会社の人事を考えるにあたって、それが多様であるか、画一であるのか、ということは難しい問題なのです。多様と画一、それぞれのメリットについて考えてみます。なお、ここでは、職種や業種の違いはひとまずおき、一般論として考えてみます。

従来の社会は画一的な人事が行われていた、と言われています。勤務時間、勤務場所、仕事の内容、昇進ルート、評価基準等等。大企業であれば、部署等によって違ったりもしますが、中小企業は画一的にならざるを得ない面があったと思います。年功序列制の賃金や昇進も、年齢や勤続年数という一つの指標を重視する、ということで、画一的な人事を可能にしました。

画一的、のメリットは、運用が簡単なことです。画一的、ということは、それしか方法や尺度がないので、非常にシンプルです。それと、評価軸が画一であれば、評価がシンプルになり公平性が担保しやすいのです。

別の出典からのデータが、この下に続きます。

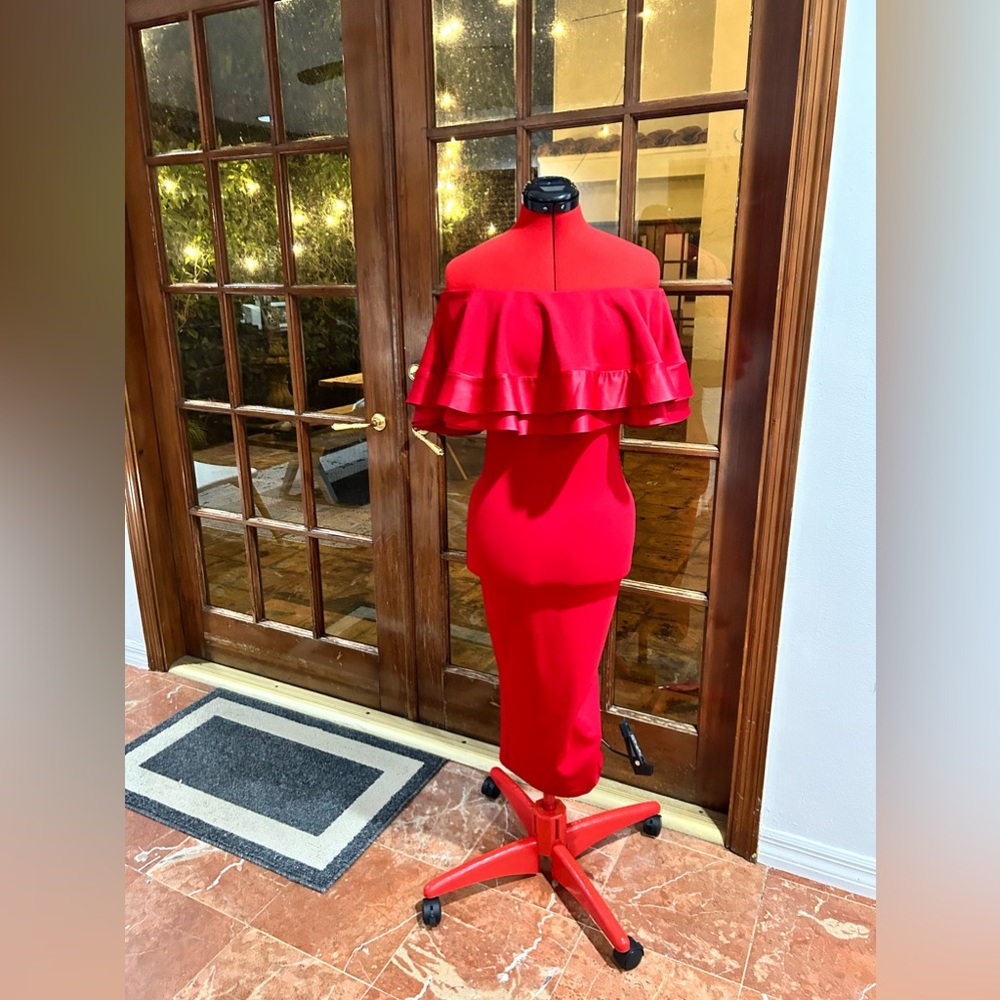 Red Cocktail Dress. Very elegant and sexy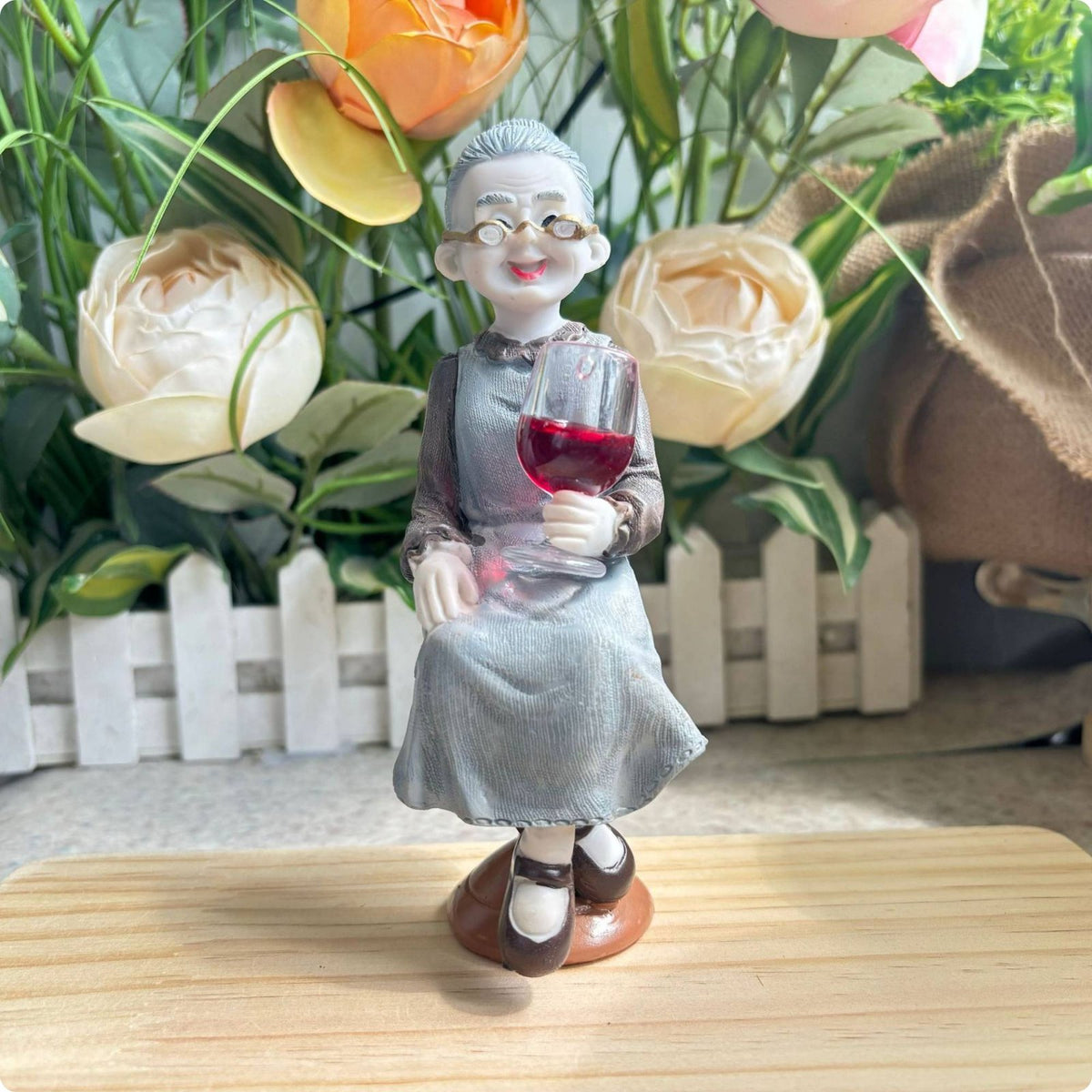 2 Pieces Elderly Couple Statue Romantic Charm Old Couple Figurine Compact Size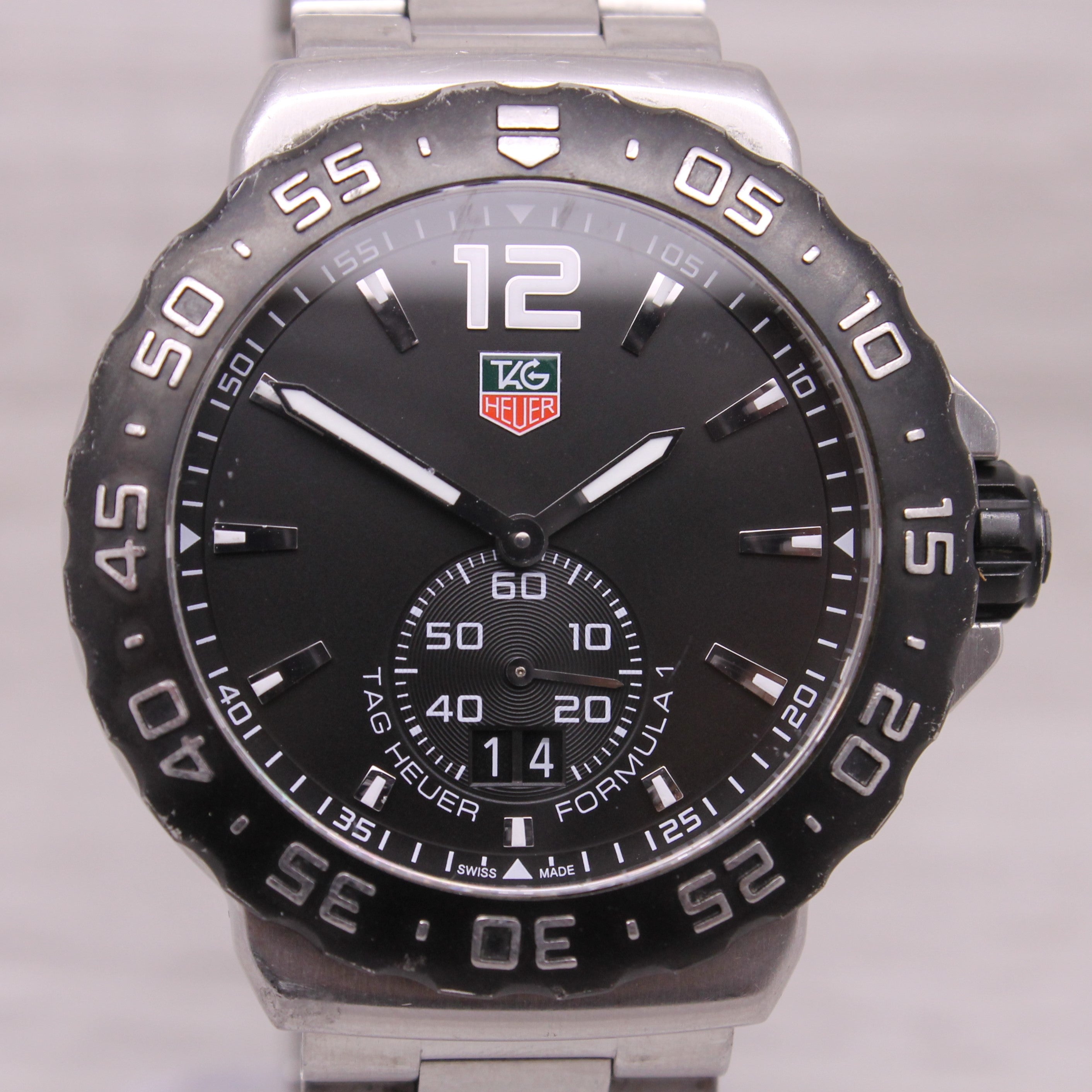 Gray Tag Heuer Formula 41.5mm Stainless Steel Mens Quartz Watch WAU1110 Large Band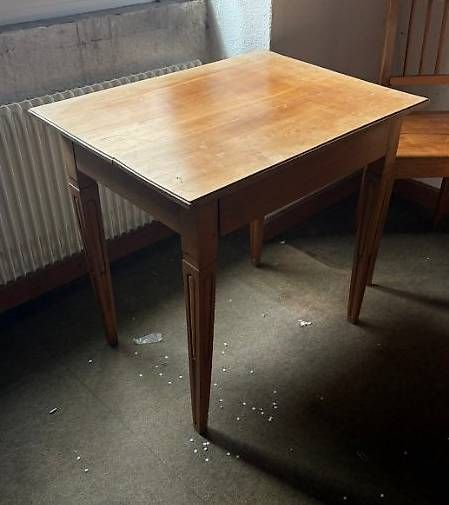 Tavoli: Table en bois  / années 1940-1970 – Usato da Préverenges venduto da que_vq6t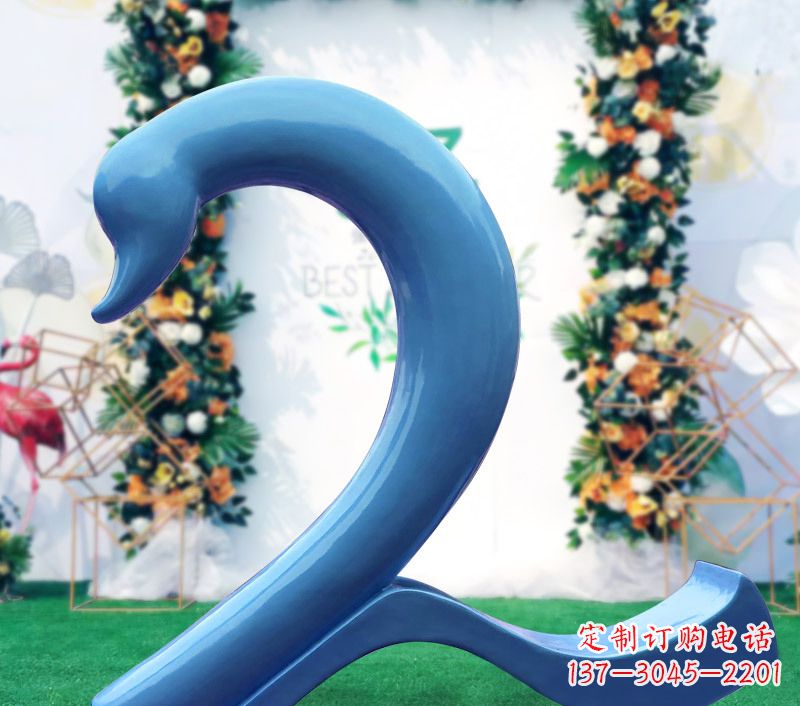南阳玻璃钢爱心天鹅雕塑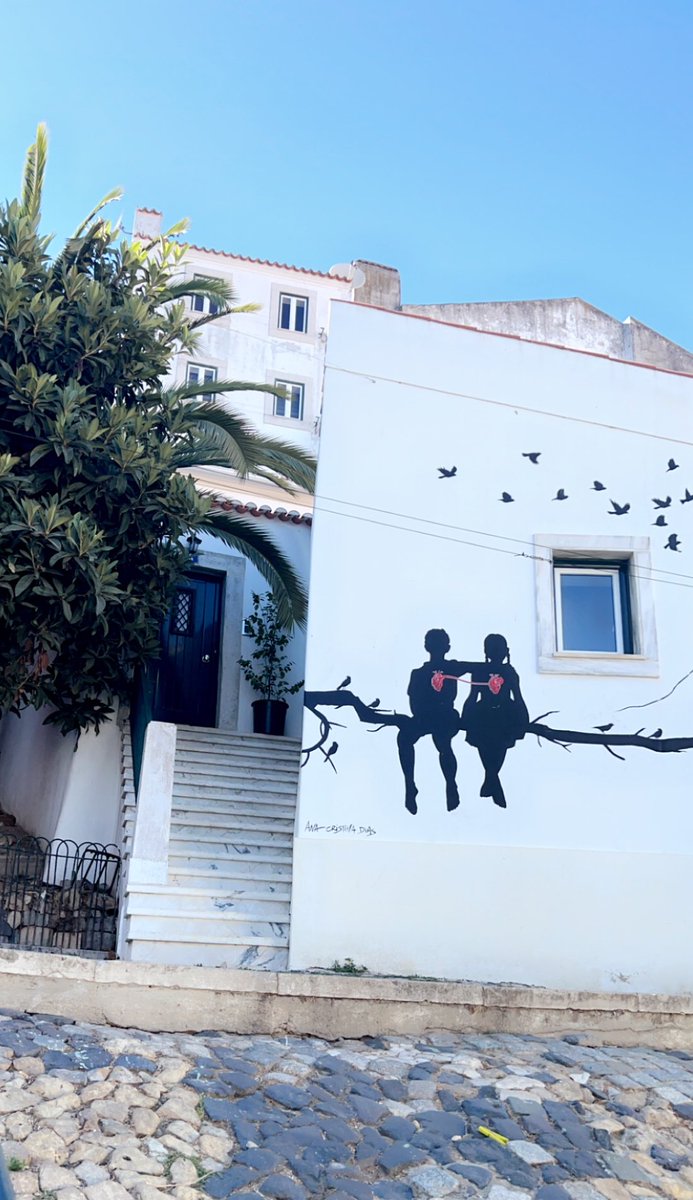 ليطمئن قلبي .. اذا مالبعد سافر بي 
تضايق حن واشعر بي .. ودور عذر وبتلقى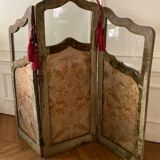 Paravent de style Louis XV recouvert d’un velours vert passé, circa 1900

ですが、画一的な人事、というものは、一定程度の限界があります。まず、画一性の中では力が出せない、という人はいると思います。向き不向きというものです。極度な夜型の人には、9時5時で働くのは辛い、ですよね。また、個人的な事情、例えば子育てや介護、健康状態があると、画一性の中では対応できない場合は往々にしてあります。

そのマイナスを埋めるべく、人事に多様性を導入する、ということはあると思います。多様にすることにより、各人の状況に適した業務配分や評価をすることが可能となります。業務であれば、各人の能力を業務に合うよう伸ばす、のではなくその人にあった業務を配分する、ということもあるでしょう。また、フレックスタイムのように出社時間を弾力化すると各人の状況や性質に合わせやすくなります。

結局、画一制を高めるとその中から溢れてしまう人も出てくるし、逆に多様性を高めると管理が困難になります。そのレバーをどう調整するか、というのが、人事マンの腕の見せ所、なのではないでしょうか。